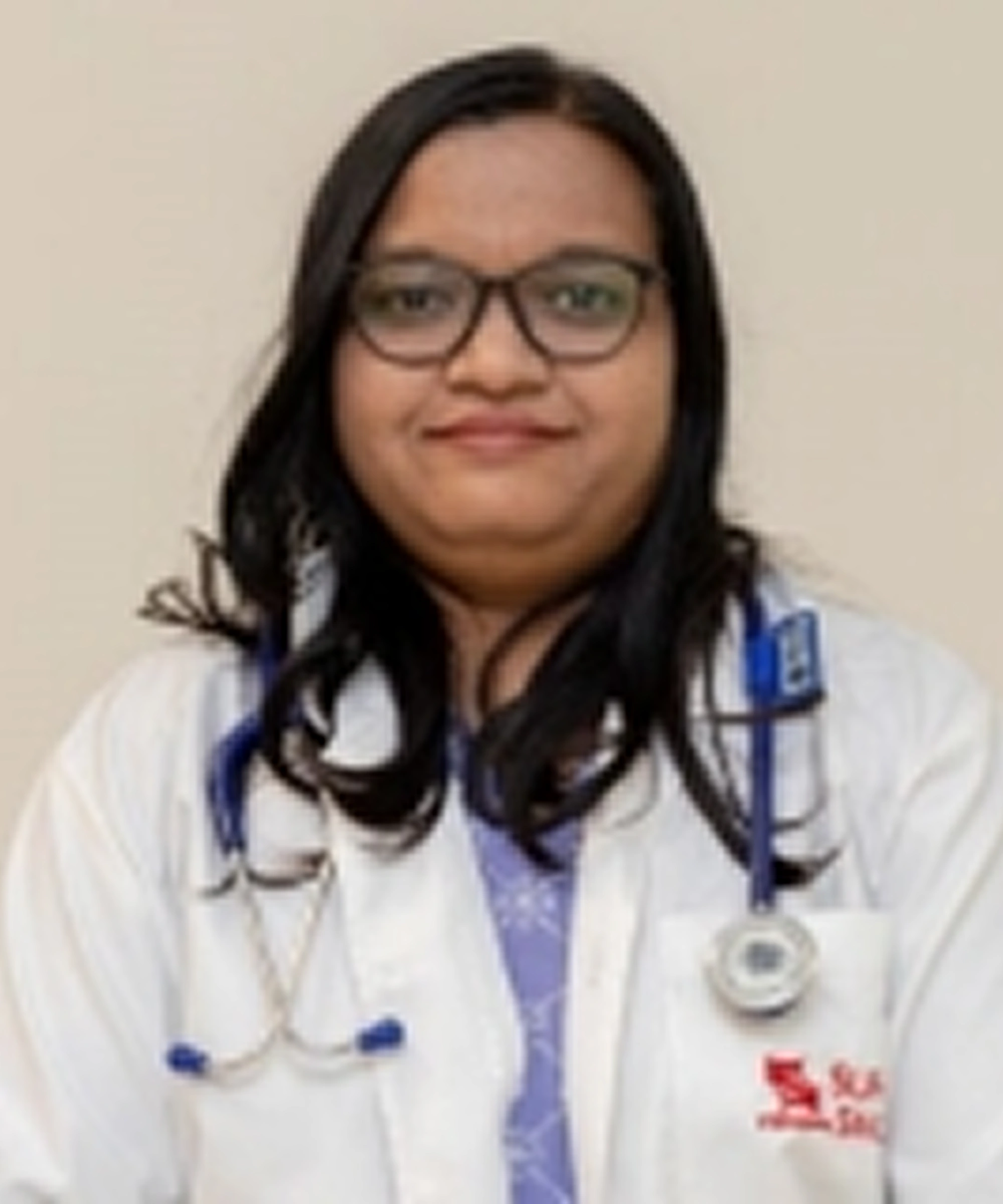 Dr. Meenakshi Bhakare(Incharge HOD)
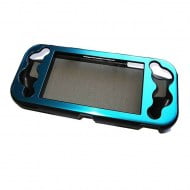 Aluminium Protective Case Metal Cover Lite Blue - Nintendo Switch Lite Console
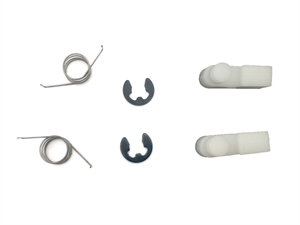 Я32 Собачка маховика 010227(В) - фото 46556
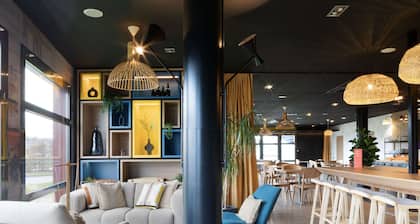 ibis Douai Dechy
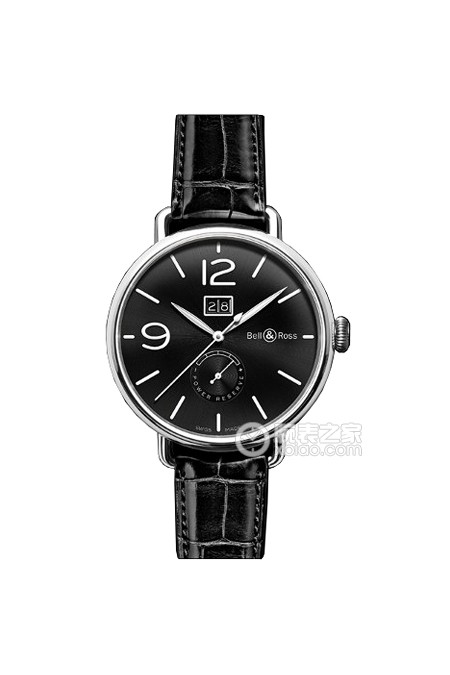 柏莱士VINTAGE 系列WW1-90 GRANDE DATE & RESERVE DE MARCHE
========================================================================
**Activity:** Make an exact copy of every entry above, minus the images.

**Problem solution:**
 Dr. Meenakshi Bhakare(Incharge HOD)
 Aluminium Protective Case Metal Cover Lite Blue - Nintendo Switch Lite Console
 Я32 Собачка маховика 010227(В) - фото 46556
 ibis Douai Dechy
 柏莱士VINTAGE 系列WW1-90 GRANDE DATE & RESERVE DE MARCHE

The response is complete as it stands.